Tuesday, July 19, 2016, PM | Leave Comment
Divorce is rarely easy and is never simple. You may already have broken your emotional ties to your spouse, but financial bonds remain legally binding long after the passion is gone.
It is important you move quickly to break those financial ties and come up with a way to be financially independent after a divorce, here are some steps you can take to make that clean break.
Before you do anything else, it is important that you understand every aspect of your joint finances.
If you are the one who took care of the money during the marriage, this will be easy.
If you are not, then you need to become intimately familiar, not only with your personal finances but with handling money and assets in general.
Gather your Legal Documents
Put all your legal documents in one place. Talk to your attorney about changing your will, redrafting powers of attorney, and how to handle trust documents.
One of the best Summerville divorce lawyers says the process of getting independent financially from your partner is made a lot easier when you have collected and gathered all your forms in once place.
Your bank can help you get copies of documents.
All your financial accounts will need to be separated, but a good place to start is with accounts that contain assets.
Close your joint accounts and reopen new ones in your name. Talk to your lawyer about the best way to handle the money that is in those accounts.
Investments and Personal Property
Your divorce agreement will determine who gets which assets, but it is up to you to legally change the ownership.
Accounts should be put in the name of the new sole owner, and all deeds and titles should be legally switched as necessary.
Do not forget to change the beneficiary on your retirement accounts and life insurance policies.
In the rush to split assets, it can be easy to forget to split liabilities.
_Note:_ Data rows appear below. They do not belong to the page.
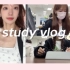 study vlog/女大学生屠鸭日记/繁忙又充实的一天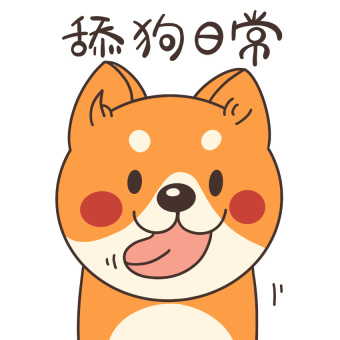 舔狗日常彩虹屁夸赞表扬GIF动图GIF动图850*850图片素材免费下载-编号1334237-潮点视频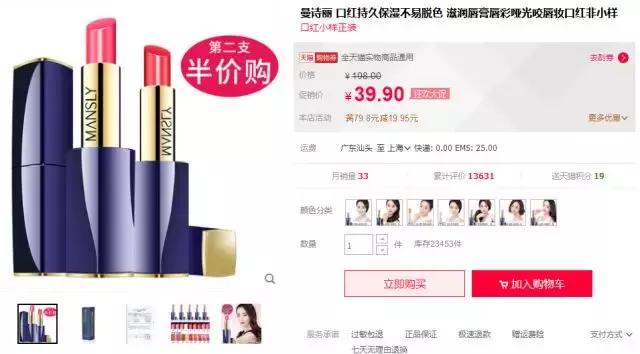 3.15美妆打假产品名单,3.15曝光的产品会不会严查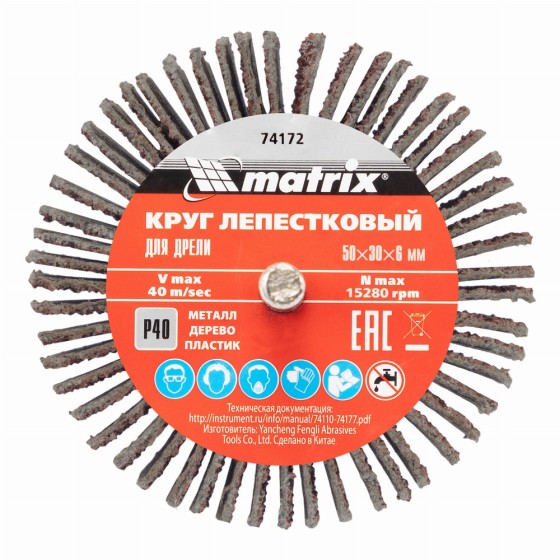 Круг лепестковый для дрели, 50 х 30 х 6 мм, P 40 Matrix 74172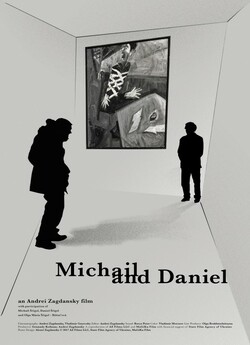 Михайло та Даниїл / Michail and Daniel...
This can be a costly mistake as you remain liable for any new charges to joint credit accounts.
Close all joint credit card accounts, and insist that the divorce agreement requires joint loans to be refinanced promptly.
Unless the court orders you to maintain health insurance on your spouse, have them removed from the policy.
If one spouse is taking permanent possession of the home, insist that the divorce decree includes a refinancing stipulation with a deadline.
If your spouse gets the house, remove your name from the deed and make sure he or she follows through on the refinancing requirement.
Otherwise, you remain legally liable for the mortgage. If you get the house, remove your spouse’s name from the deed.
If you skip this step, you could end up begging them for their signature when you try to sell it.